→ The task
Exact copies of all the lines below are required.

→ Information supplied
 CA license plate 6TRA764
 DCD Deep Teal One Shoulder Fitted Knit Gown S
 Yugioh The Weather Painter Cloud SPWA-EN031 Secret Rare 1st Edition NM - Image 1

→ Written response
 CA license plate 6TRA764
 DCD Deep Teal One Shoulder Fitted Knit Gown S
 Yugioh The Weather Painter Cloud SPWA-EN031 Secret Rare 1st Edition NM - Image 1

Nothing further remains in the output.